Will to Power Framework

The value criterion is...consistency with the will to power.

Here are some of the best justifications for a will to power framework.


NECESSARY LINK: see page Constitutivism True

The constitutive aim of action is overcoming since its object is a drive for power.

Paul Katsafanas. Philosophy and Phenomenological Research Vol. LXXXIII No. 3, November 2011, Deriving Ethics from Action: A Nietzschean Version of Constitutivism. Boston University.

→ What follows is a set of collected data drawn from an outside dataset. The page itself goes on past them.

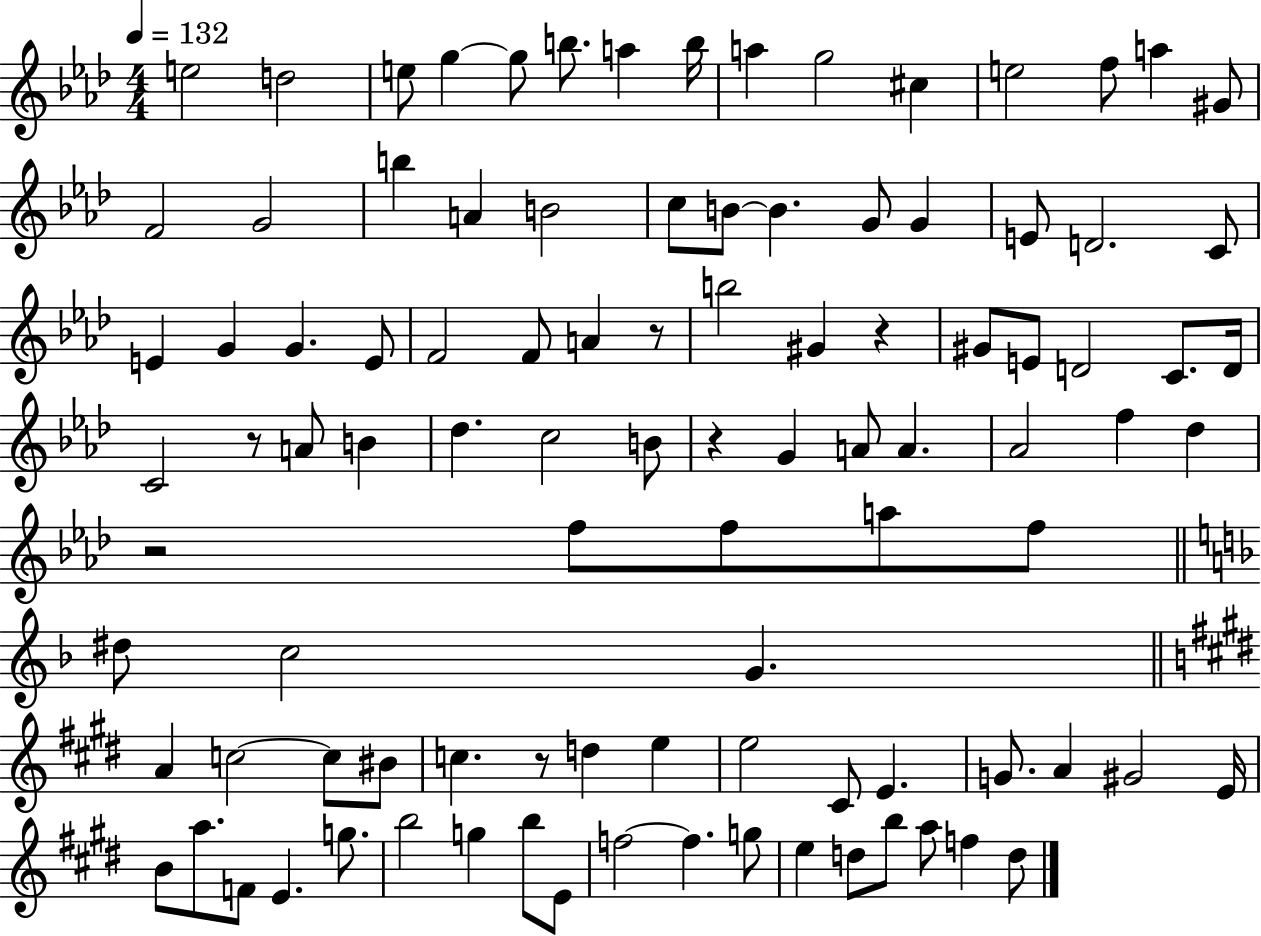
X:1
T:Untitled
M:4/4
L:1/4
K:Ab
e2 d2 e/2 g g/2 b/2 a b/4 a g2 ^c e2 f/2 a ^G/2 F2 G2 b A B2 c/2 B/2 B G/2 G E/2 D2 C/2 E G G E/2 F2 F/2 A z/2 b2 ^G z ^G/2 E/2 D2 C/2 D/4 C2 z/2 A/2 B _d c2 B/2 z G A/2 A _A2 f _d z2 f/2 f/2 a/2 f/2 ^d/2 c2 G A c2 c/2 ^B/2 c z/2 d e e2 ^C/2 E G/2 A ^G2 E/4 B/2 a/2 F/2 E g/2 b2 g b/2 E/2 f2 f g/2 e d/2 b/2 a/2 f d/2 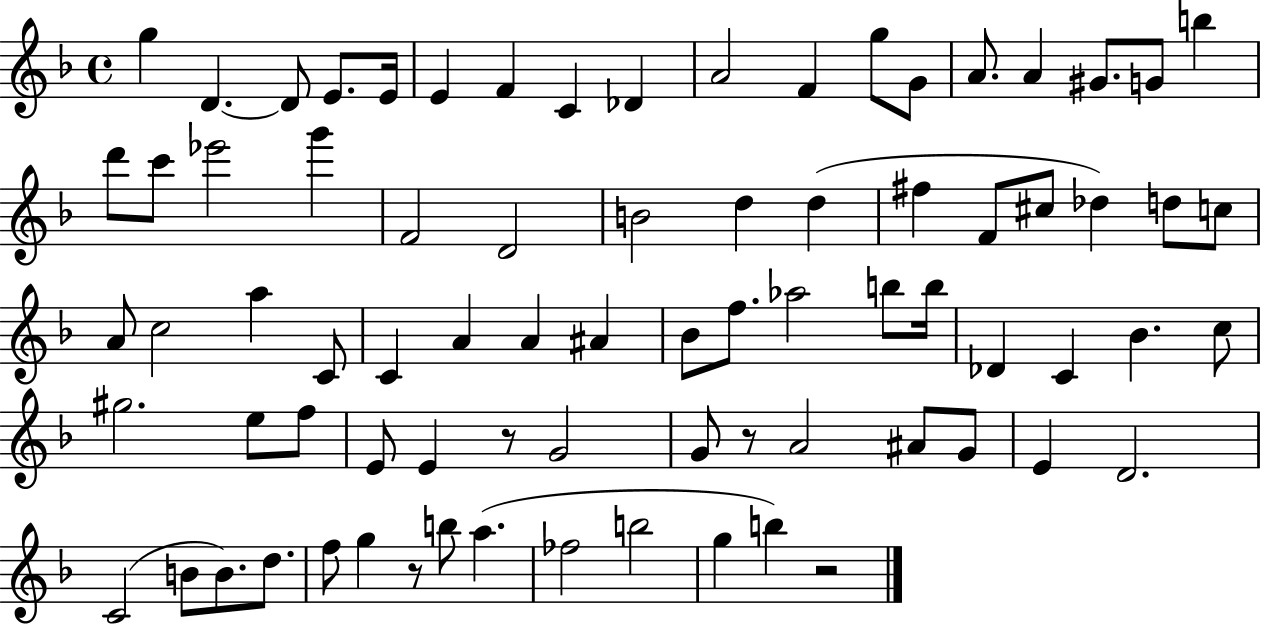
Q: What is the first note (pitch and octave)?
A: G5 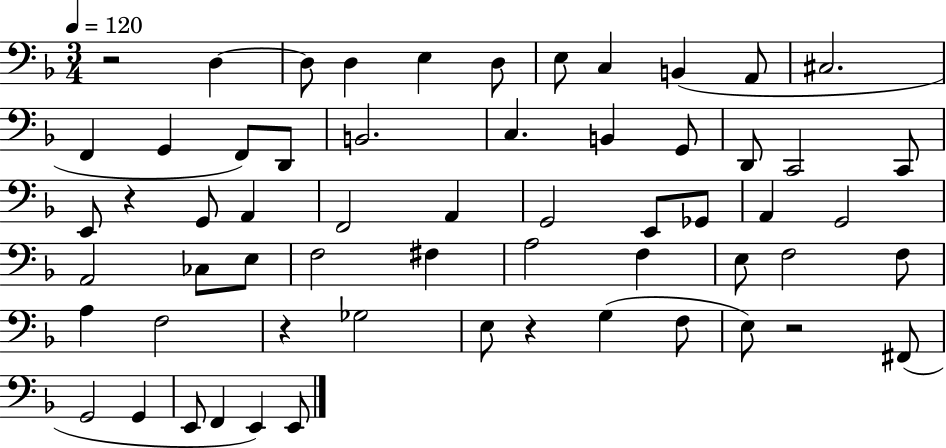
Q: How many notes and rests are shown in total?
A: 60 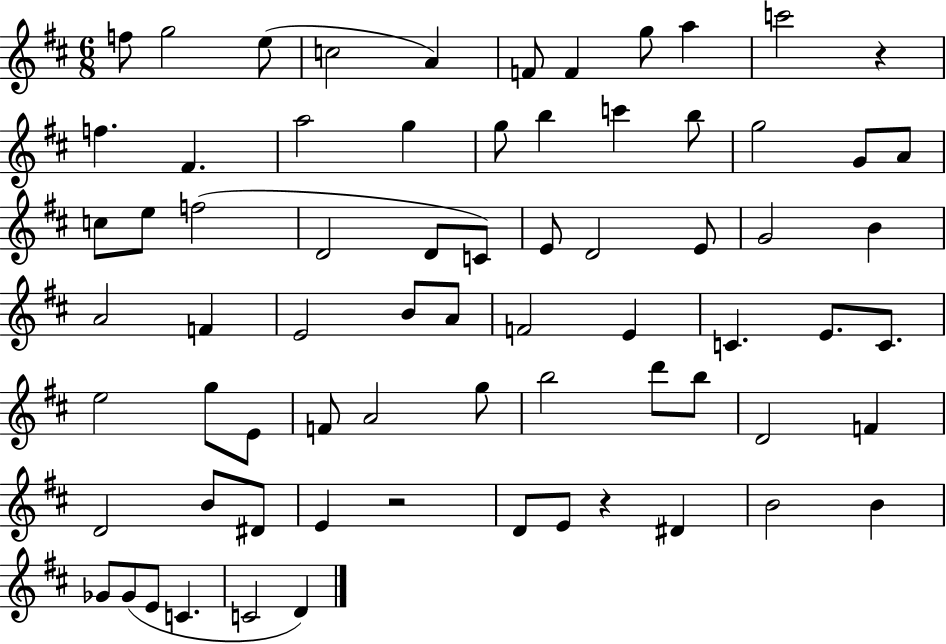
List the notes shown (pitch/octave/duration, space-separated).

F5/e G5/h E5/e C5/h A4/q F4/e F4/q G5/e A5/q C6/h R/q F5/q. F#4/q. A5/h G5/q G5/e B5/q C6/q B5/e G5/h G4/e A4/e C5/e E5/e F5/h D4/h D4/e C4/e E4/e D4/h E4/e G4/h B4/q A4/h F4/q E4/h B4/e A4/e F4/h E4/q C4/q. E4/e. C4/e. E5/h G5/e E4/e F4/e A4/h G5/e B5/h D6/e B5/e D4/h F4/q D4/h B4/e D#4/e E4/q R/h D4/e E4/e R/q D#4/q B4/h B4/q Gb4/e Gb4/e E4/e C4/q. C4/h D4/q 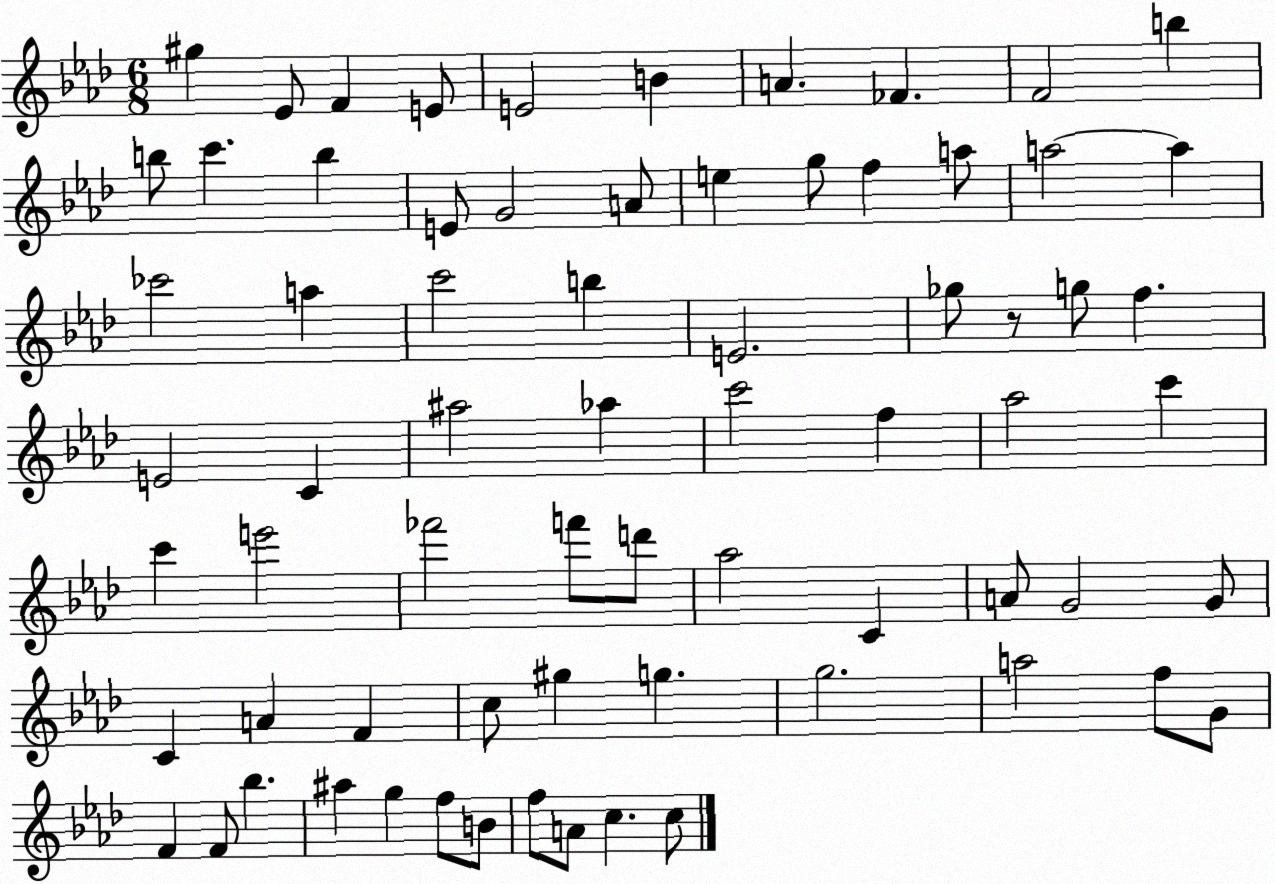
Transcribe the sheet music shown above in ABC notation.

X:1
T:Untitled
M:6/8
L:1/4
K:Ab
^g _E/2 F E/2 E2 B A _F F2 b b/2 c' b E/2 G2 A/2 e g/2 f a/2 a2 a _c'2 a c'2 b E2 _g/2 z/2 g/2 f E2 C ^a2 _a c'2 f _a2 c' c' e'2 _f'2 f'/2 d'/2 _a2 C A/2 G2 G/2 C A F c/2 ^g g g2 a2 f/2 G/2 F F/2 _b ^a g f/2 B/2 f/2 A/2 c c/2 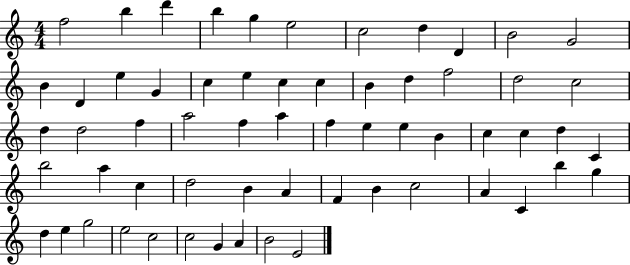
F5/h B5/q D6/q B5/q G5/q E5/h C5/h D5/q D4/q B4/h G4/h B4/q D4/q E5/q G4/q C5/q E5/q C5/q C5/q B4/q D5/q F5/h D5/h C5/h D5/q D5/h F5/q A5/h F5/q A5/q F5/q E5/q E5/q B4/q C5/q C5/q D5/q C4/q B5/h A5/q C5/q D5/h B4/q A4/q F4/q B4/q C5/h A4/q C4/q B5/q G5/q D5/q E5/q G5/h E5/h C5/h C5/h G4/q A4/q B4/h E4/h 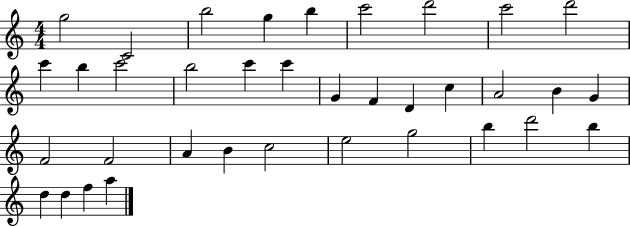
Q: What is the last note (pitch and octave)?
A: A5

So, while a purely goal-directed act would seek to minimize resistances, a process directed activity involves an active desire to encounter and overcome resistances.24 For if you aim to engage in some process, you must actually seek the objects upon which the process can be directed. This is why Nietzsche sometimes describes the will to power as “a will to overcome, a will that has in itself no end… a processus in infinitum, an active determining” (WP 552). Or, as he elsewhere puts it, “the will to power can manifest itself only against resistances; therefore it seeks that which resists it” (WP 656/KSA 12.9[151]). Let me summarize the results of this argument. First, drives are defined as motivational states that aim at their own continuous expression. Second, aiming at continuous expression entails aiming to encounter resistances to overcome. The conclusion is simple: drive-motivated activities aim at encountering and overcoming resistance. This is part of what makes an activity qualify as drive-motivated. By the definition of (Constitutive Aim), this is just to say that drive-motivated activities have the constitutive aim of overcoming resistance.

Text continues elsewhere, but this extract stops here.